Take the line containing "Toms suede brown boots NWT" through the last line of the data and retype those lines exactly. Pictures do not belong in the copy.

→ Dataset:
┌──

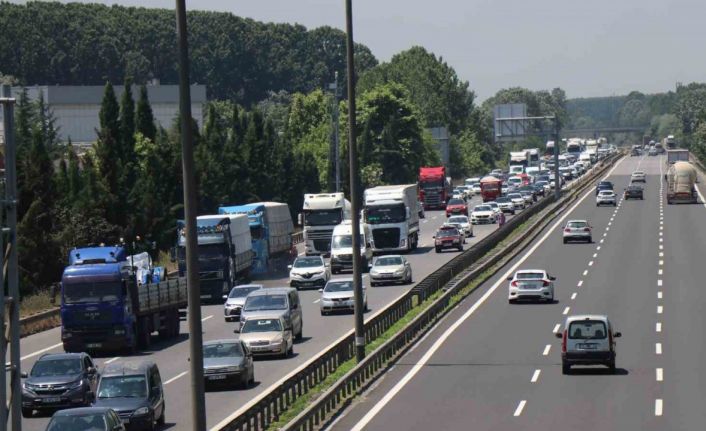 Bayram göçünde otoyolun Sakarya geçişinde akıcı yoğunluk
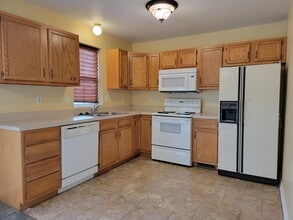 2006 Greystone Dr in Lebanon, PA - Foto de edificio - Building Photo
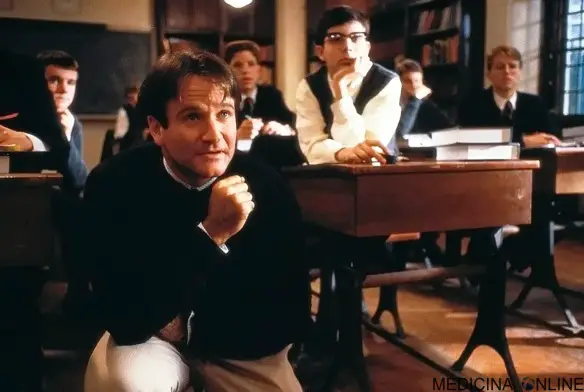 MEDICINA ONLINE AFORISMI FRASI WIKIQUOTE Prof. John Keating (Robin Williams) nel film del 1989 L’attimo fuggente (Dead Poets Society), diretto da Peter Weir.jpg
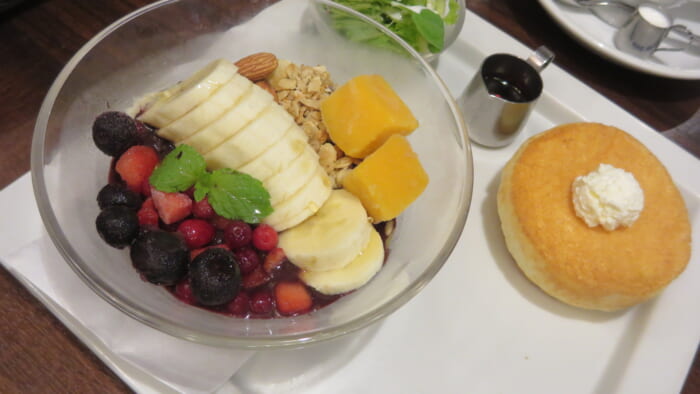 星乃珈琲店 銀座８丁目店　アサイーボウル＆パンケーキプレート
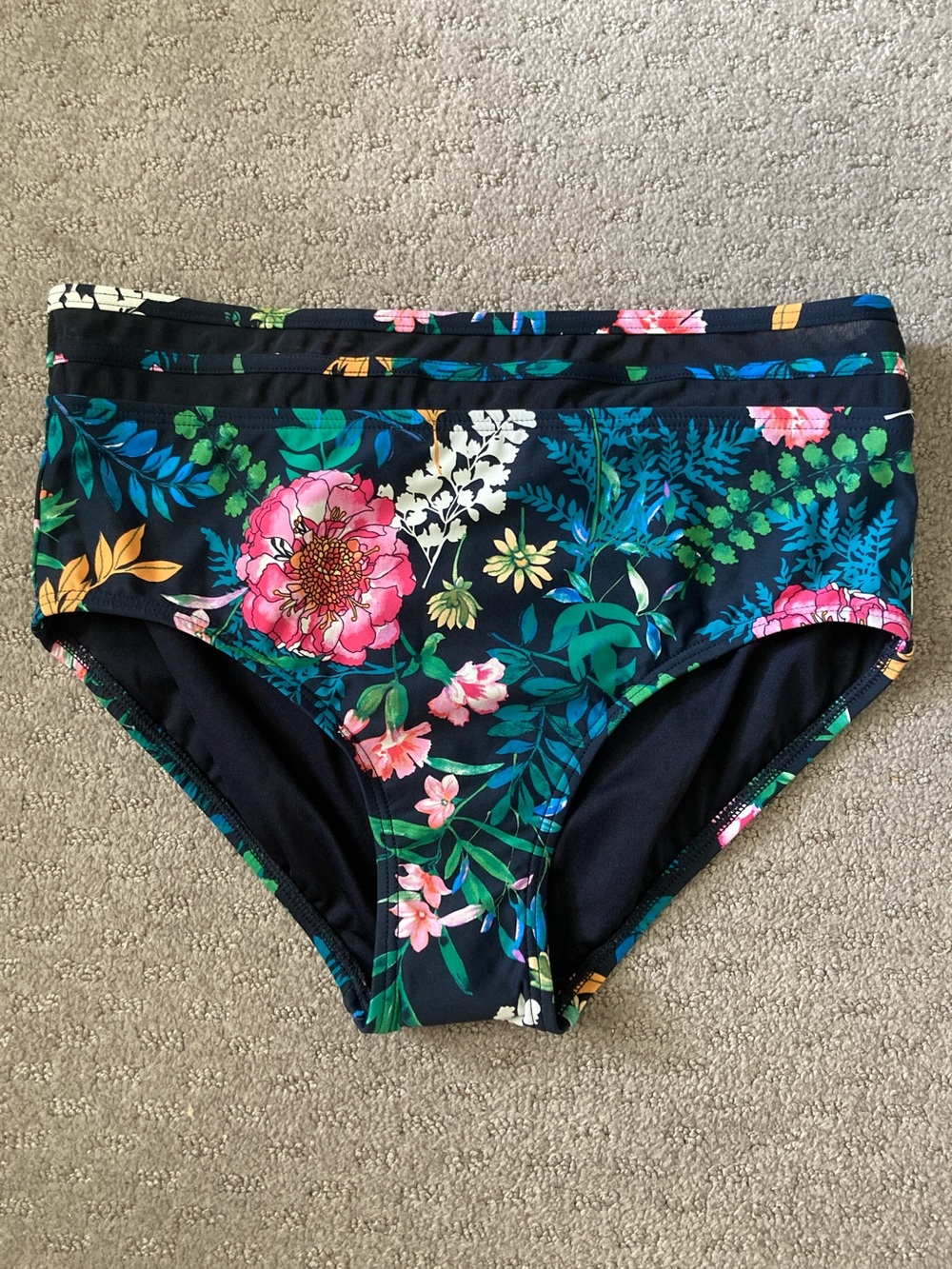 Tommy Hilfiger floral high-waist swim bottoms, Large.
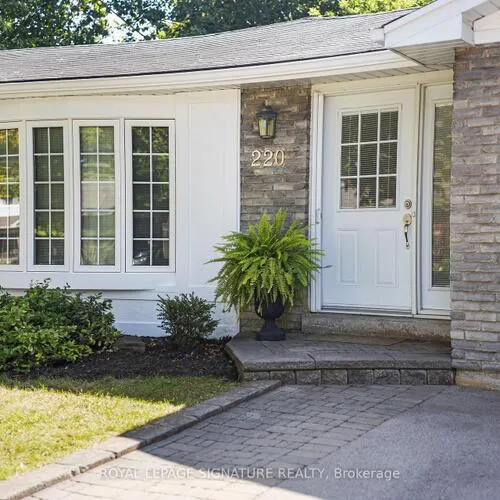 Premium freehold home for sale: 220, Chebucto, 1006 - FD Ford, Oakville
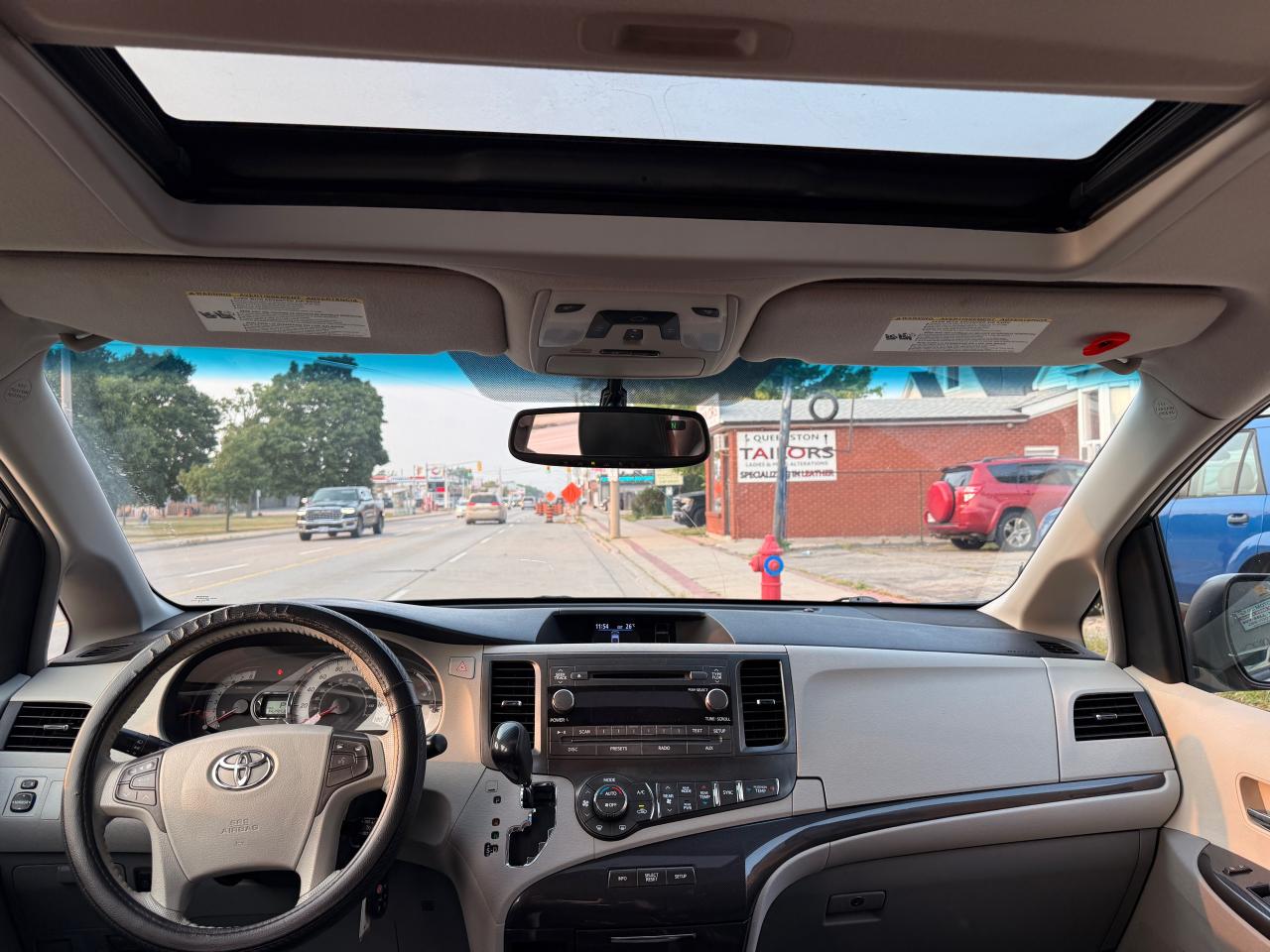 2013 Toyota Sienna 5DR V6 SE 8-PASS FWD - Photo #16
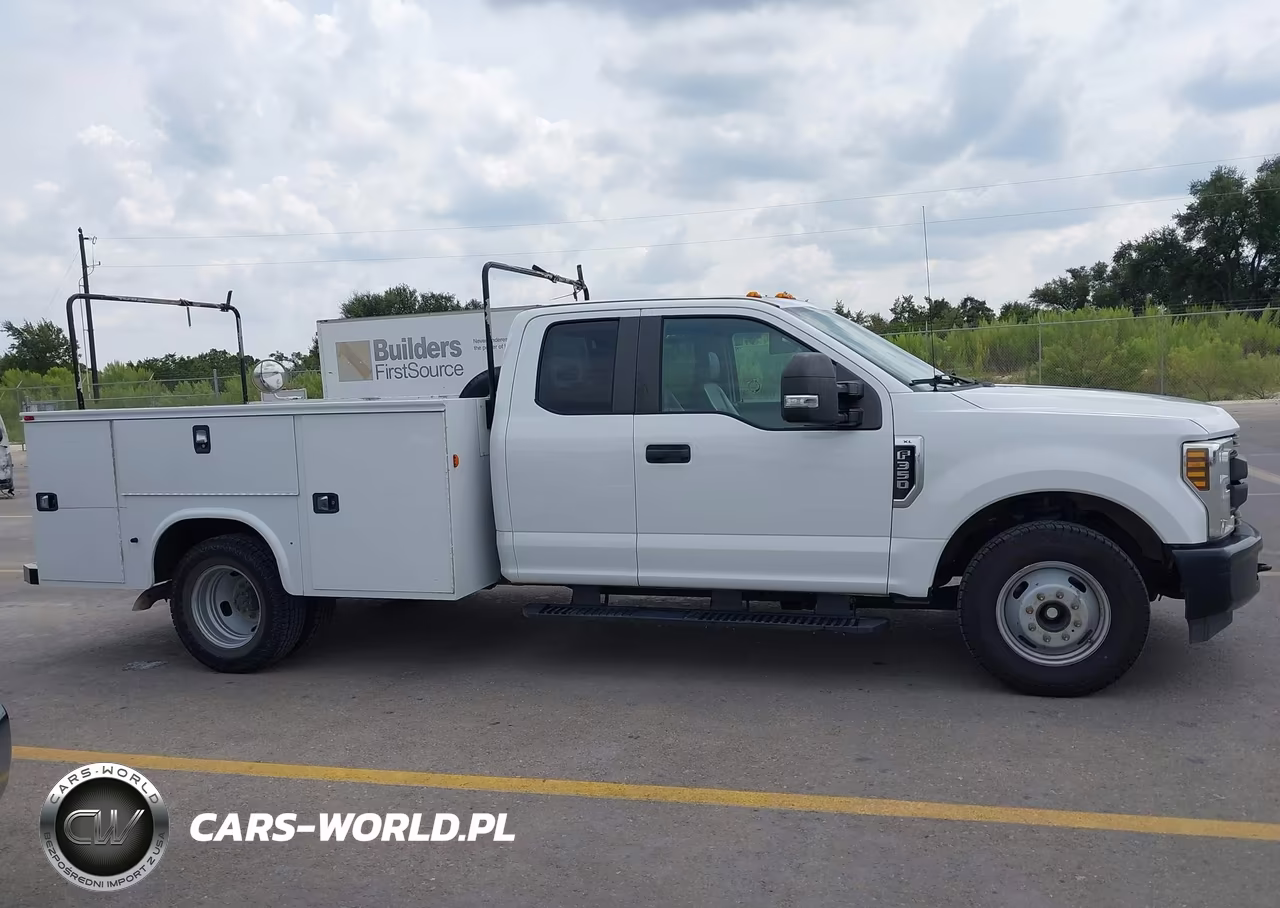 2019 Ford F-350 Chasis Xl VIN:1FD8X3G66KEC15927 - 13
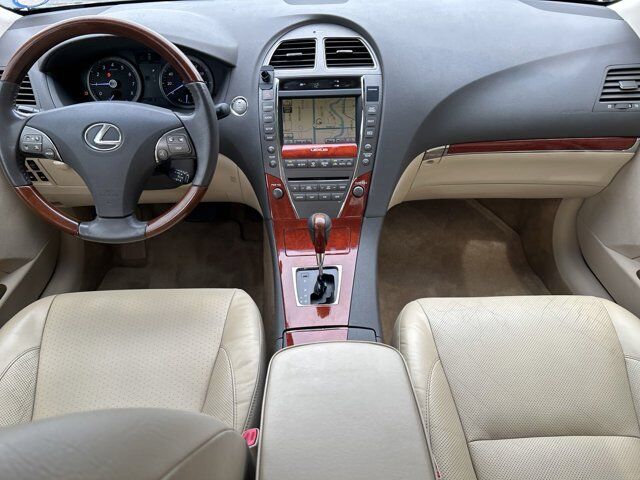 2011 Lexus ES 350 9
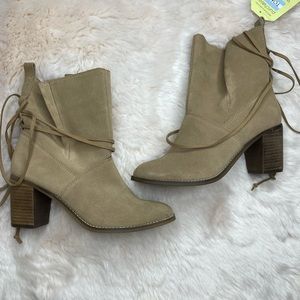 Toms suede brown boots NWT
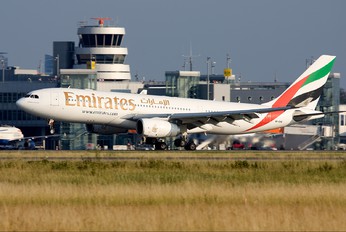 A6-EAO - Emirates Airlines Airbus A330-200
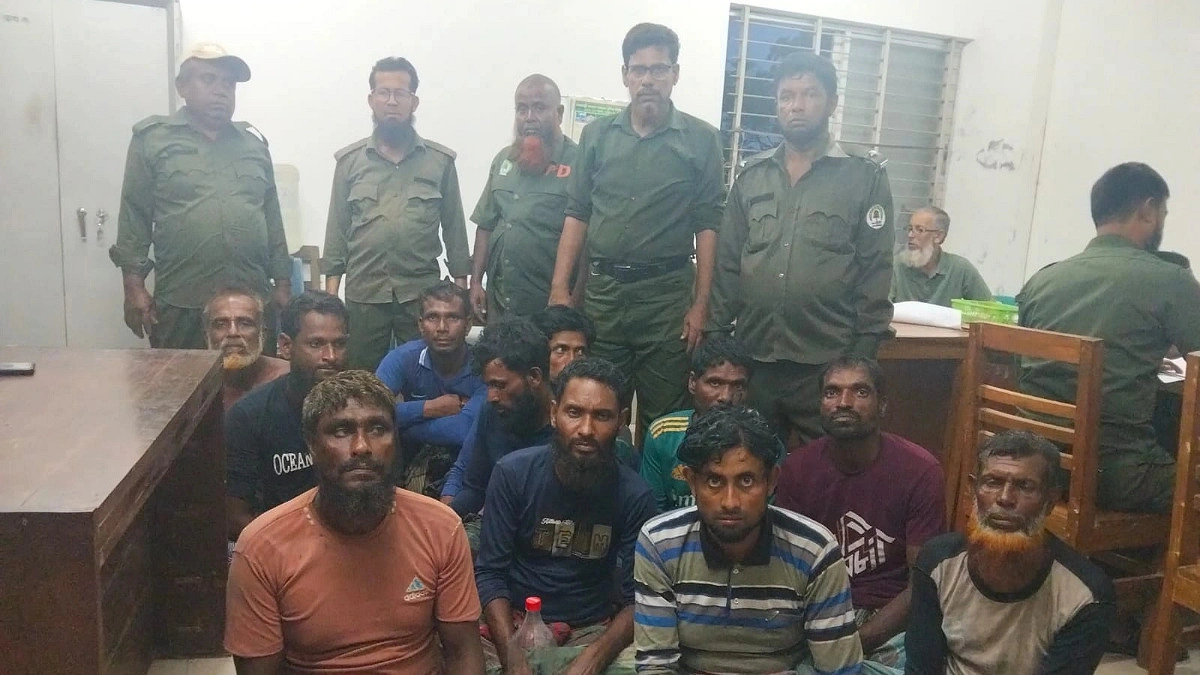 নিষেধাজ্ঞা অমান্য করে সুন্দরবনে মধু আহরণ, ১১ মৌয়াল গ্রেপ্তার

└──

→ Final answer:
 Toms suede brown boots NWT
 A6-EAO - Emirates Airlines Airbus A330-200
 নিষেধাজ্ঞা অমান্য করে সুন্দরবনে মধু আহরণ, ১১ মৌয়াল গ্রেপ্তার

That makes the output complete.